"Méphistophélès et l'Androgyne". Le mystère de la totalité selon Mircea Eliade

Dans un essai de 1959 intitulé « Mefistofele e l'androgine. Le mystère de la totalité », transcription d'une conférence d'Eranos à l'Université de Marbourg, Mircea Eliade s'inspire du célèbre prologue du Faust de Goethe pour aborder le thème de la totalité comme une « coïncidentia oppositorum ».

di Mariachiara Valentini

Couverture : WILLIAM HENRY MARGETSON, Méphistophélès1885

Dans un essai de 1959 intitulé Méphistophélès et l'androgyne. Le mystère de la plénitude, transcription d'une des interviews d'Eranos à l'Université de Marburg, Mircea Eliade s'inspire du célèbre prologue de Faust par Goethe pour aborder le thème de la totalité comme coïncidence opposée.

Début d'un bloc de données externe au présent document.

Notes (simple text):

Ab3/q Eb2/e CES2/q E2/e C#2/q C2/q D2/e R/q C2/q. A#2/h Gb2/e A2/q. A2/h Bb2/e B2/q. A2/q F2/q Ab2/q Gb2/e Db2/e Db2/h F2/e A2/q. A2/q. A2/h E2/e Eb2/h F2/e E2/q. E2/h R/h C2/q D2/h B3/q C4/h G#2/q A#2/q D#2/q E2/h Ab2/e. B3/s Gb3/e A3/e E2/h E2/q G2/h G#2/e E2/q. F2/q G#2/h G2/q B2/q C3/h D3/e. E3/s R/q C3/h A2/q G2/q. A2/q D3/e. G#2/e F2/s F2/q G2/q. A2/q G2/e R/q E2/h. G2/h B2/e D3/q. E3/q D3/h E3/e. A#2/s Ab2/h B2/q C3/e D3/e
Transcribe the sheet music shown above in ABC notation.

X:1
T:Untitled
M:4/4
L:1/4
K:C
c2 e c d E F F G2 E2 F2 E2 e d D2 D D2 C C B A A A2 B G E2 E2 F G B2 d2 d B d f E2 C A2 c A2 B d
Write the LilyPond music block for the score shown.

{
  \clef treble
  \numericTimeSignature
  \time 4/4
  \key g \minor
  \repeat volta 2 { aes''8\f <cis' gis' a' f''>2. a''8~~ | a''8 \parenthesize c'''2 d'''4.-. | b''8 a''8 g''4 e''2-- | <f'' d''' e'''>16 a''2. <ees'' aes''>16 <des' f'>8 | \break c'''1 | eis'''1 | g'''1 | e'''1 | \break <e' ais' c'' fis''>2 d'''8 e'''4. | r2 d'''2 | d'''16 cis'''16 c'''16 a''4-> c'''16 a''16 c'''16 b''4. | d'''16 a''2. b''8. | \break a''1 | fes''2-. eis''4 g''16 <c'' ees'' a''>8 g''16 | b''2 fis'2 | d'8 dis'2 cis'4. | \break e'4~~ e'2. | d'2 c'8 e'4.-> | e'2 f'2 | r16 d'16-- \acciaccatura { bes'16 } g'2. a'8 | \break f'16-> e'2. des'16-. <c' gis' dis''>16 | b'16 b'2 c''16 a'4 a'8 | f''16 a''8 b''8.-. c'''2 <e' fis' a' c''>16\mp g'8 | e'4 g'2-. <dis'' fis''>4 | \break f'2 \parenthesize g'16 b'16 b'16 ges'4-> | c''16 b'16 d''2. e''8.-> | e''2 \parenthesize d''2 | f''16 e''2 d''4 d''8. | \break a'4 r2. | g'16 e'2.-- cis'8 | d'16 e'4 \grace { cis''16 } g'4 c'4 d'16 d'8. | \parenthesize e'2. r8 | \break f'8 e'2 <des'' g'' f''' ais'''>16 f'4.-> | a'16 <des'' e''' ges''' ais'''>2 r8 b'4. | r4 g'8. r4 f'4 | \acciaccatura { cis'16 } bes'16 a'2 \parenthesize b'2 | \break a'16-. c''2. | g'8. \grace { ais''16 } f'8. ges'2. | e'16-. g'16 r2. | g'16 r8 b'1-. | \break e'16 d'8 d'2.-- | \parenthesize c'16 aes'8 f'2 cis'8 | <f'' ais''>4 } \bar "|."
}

à partir de Prologue au paradis en fait une sympathie mutuelle émerge entre Dieu et Méphistophélès, compréhensible si l'on tient compte du fait que pour Goethe, Méphistophélès est celui qui stimule l'activité humaine, car l'erreur et le mal sont productifs et en effet nécessaires pour conquérir la connaissance. Selon Goethe, Méphistophélès est « L'esprit qui nie, proteste, qui surtout s'arrête le flux de la vie et empêche les choses de se produire ", dont l'activité n'est donc pas dirigée contre Dieu mais contre la Vie elle-même. Et si la Vie, mouvement par excellence, est le noyau de la création divine, la tâche de Méphistophélès est de faire prévaloir l'immobilité, la mort, « car ce qui cesse de changer et de se transformer se décompose et périt » : l'objectif est réel "La mort dans la vie", ou stérilité spirituelle, qui constitue pour Goethe la véritable damnation. Et donc l'homme qui laisse périr en lui les racines de la Vie est celui qui se soumet au pouvoir de Méphistophélès, l'esprit négateur. 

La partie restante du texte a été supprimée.